- [Exercise directions] Would you please reproduce all the entries exactly, leaving the pictures out?

- [Data supplied]

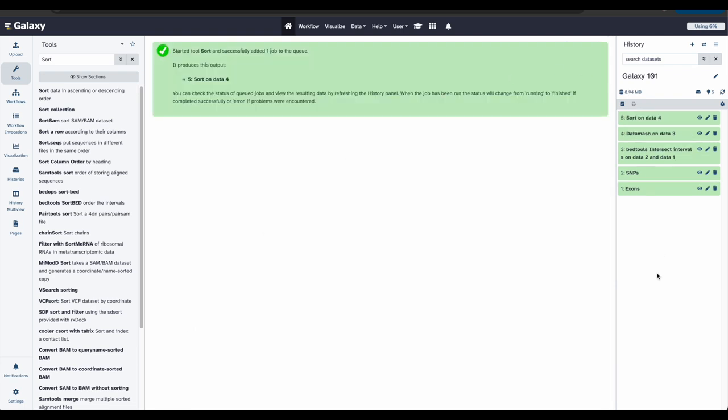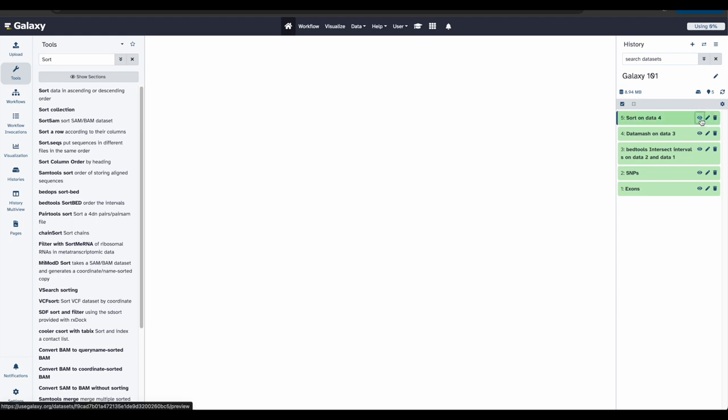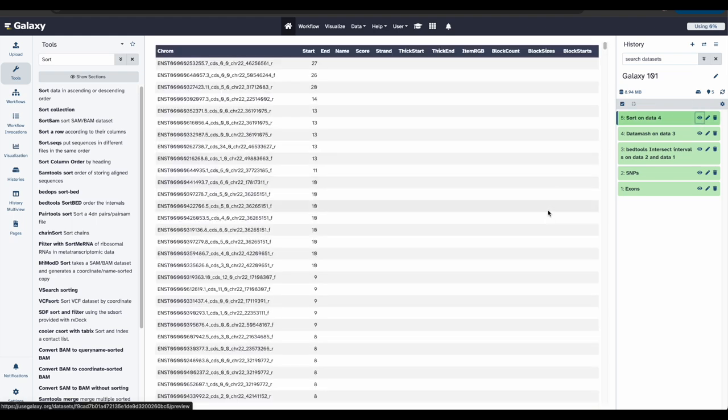The tool has run, so let's examine the output file. The file will look similar to before sorting, but now the exons with the highest number of snips are at the top.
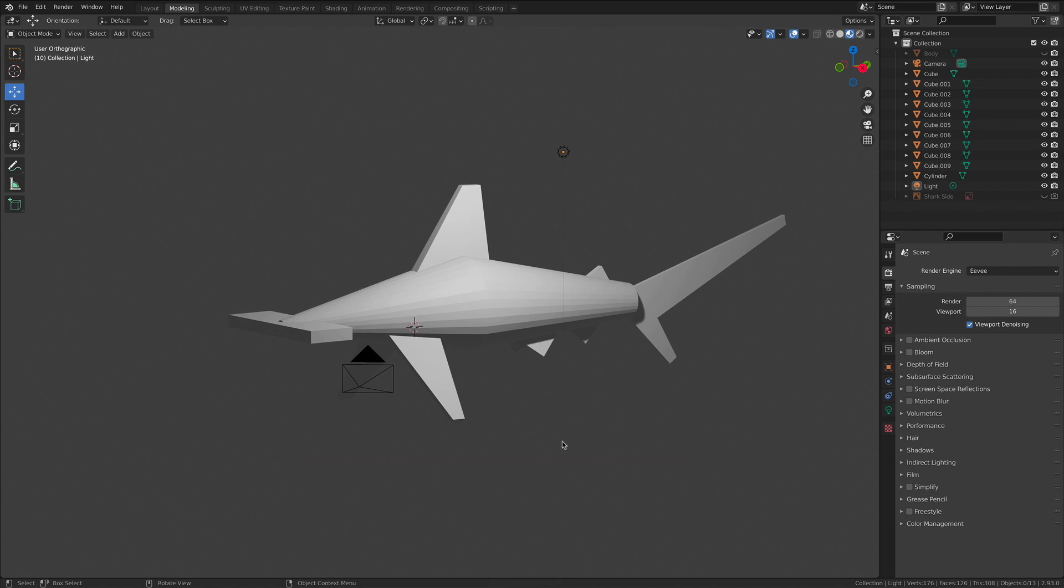At the end of every project, you're always going to be submitting two things: a JPEG render of your project and your Blender file or whatever the project file is. We're going to be working in Maya. We're also going to be working in Substance Painter from time to time. So you're going to be submitting JPEGs and project files. And this is how you save your project file here in Blender.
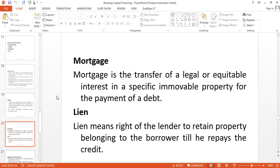The third security is mortgage. This is very common — everybody understands what mortgage is. Mortgage is the transfer of a legal or equitable interest in a specific immovable property for the payment of a debt, such as land, building, or machinery of a factory. So it involves immovable property. In the other cases we used movable property, but here we use immovable property as security.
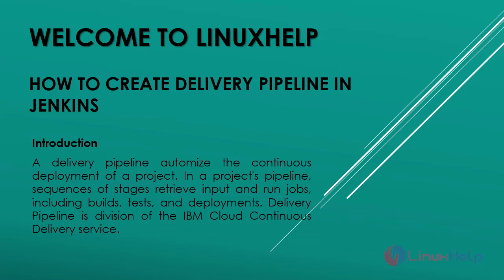Welcome to Learners Help. Today we are going to see how to create a delivery pipeline in Jenkins.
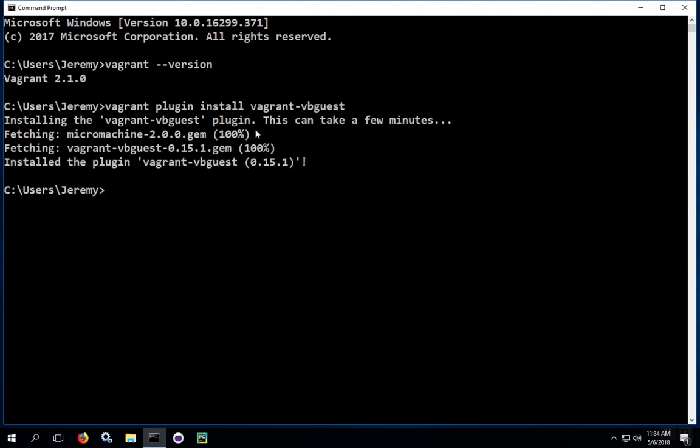Once the installation completes, you'll see a few messages that tell you that the plugins were installed successfully.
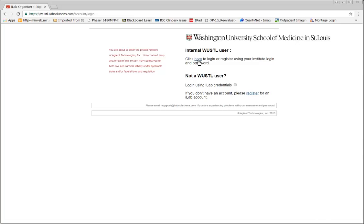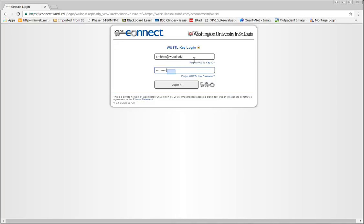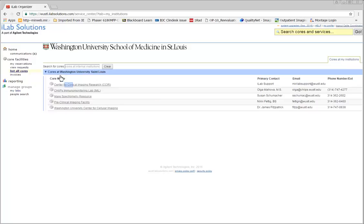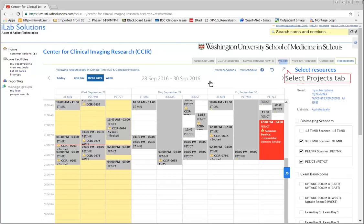First, log on to woostel.ilabsolutions.com and log in using your WoostelKey credentials. Click List All Cores on the left and choose CCIR Core. Then click on the Projects tab.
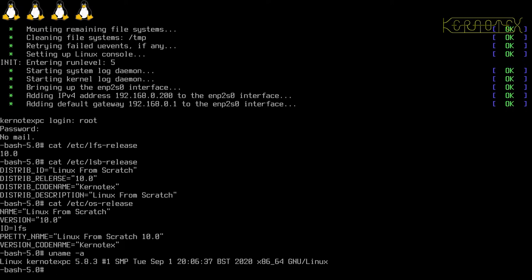uname -a shows details of the kernel. You can see it's version 5.8.3, and it was compiled a matter of, well, 15 minutes ago.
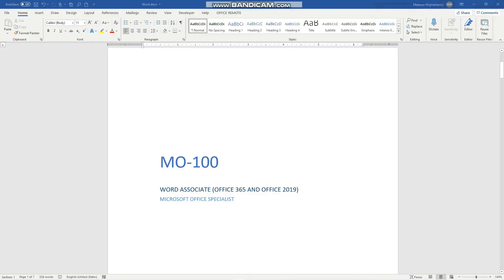Hey guys! In this video we'll cover three objectives for the MO100 exam.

- [Solution to this problem]
The tool has run, so let's examine the output file. The file will look similar to before sorting, but now the exons with the highest number of snips are at the top.
At the end of every project, you're always going to be submitting two things: a JPEG render of your project and your Blender file or whatever the project file is. We're going to be working in Maya. We're also going to be working in Substance Painter from time to time. So you're going to be submitting JPEGs and project files. And this is how you save your project file here in Blender.
The third security is mortgage. This is very common — everybody understands what mortgage is. Mortgage is the transfer of a legal or equitable interest in a specific immovable property for the payment of a debt, such as land, building, or machinery of a factory. So it involves immovable property. In the other cases we used movable property, but here we use immovable property as security.
Welcome to Learners Help. Today we are going to see how to create a delivery pipeline in Jenkins.
Once the installation completes, you'll see a few messages that tell you that the plugins were installed successfully.
First, log on to woostel.ilabsolutions.com and log in using your WoostelKey credentials. Click List All Cores on the left and choose CCIR Core. Then click on the Projects tab.
uname -a shows details of the kernel. You can see it's version 5.8.3, and it was compiled a matter of, well, 15 minutes ago.
Hey guys! In this video we'll cover three objectives for the MO100 exam.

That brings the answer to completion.